While specific systems, apparatus, methodologies, mechanisms and the like have been disclosed as discussed above, it should be apparent to those skilled in the art that many more modifications besides those already described are possible without departing from the inventive concepts herein. The inventive subject matter, therefore, is not to be restricted except in the spirit of the disclosure. Moreover, in interpreting the disclosure, all terms should be interpreted in the broadest possible manner consistent with the context. In particular, the terms “comprises” and “comprising” should be interpreted as referring to elements, components, or steps in a non-exclusive manner, indicating that the referenced elements, components, or steps may be present, or utilized, or combined with other elements, components, or steps that are not expressly referenced. In addition, the references listed herein are also part of the application and are incorporated by reference in their entirety as if fully set forth herein.
Although various embodiments which incorporate the teachings of the present invention have been shown and described in detail herein, those skilled in the art can readily devise many other varied embodiments that still incorporate these teachings.
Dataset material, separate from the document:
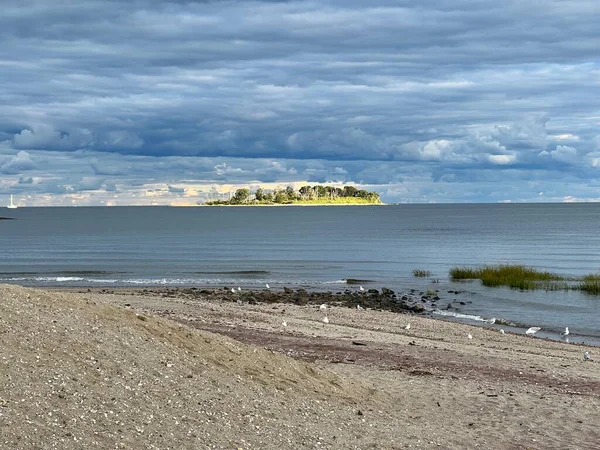 Kayalık bir plajın karşısındaki parlayan ada.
Thus, while the foregoing is directed to various embodiments of the present invention, other and further embodiments of the invention may be devised without departing from the basic scope thereof.
This application is related to U.S. patent application Ser. No. 17/221,399, filed Apr. 2, 2021, which is a continuation in part of U.S. patent application Ser. No. 17/252,521, which claims the benefit of U.S. Provisional Patent Application Ser. Nos. 62/686,296 filed Jun. 18, 2018, 62/702,629 filed Jul. 24, 2018, 62/754,805 filed Nov. 2, 2018, and 62/756,951 filed Nov. 7, 2018, which Applications are all incorporated herein by reference in their entireties.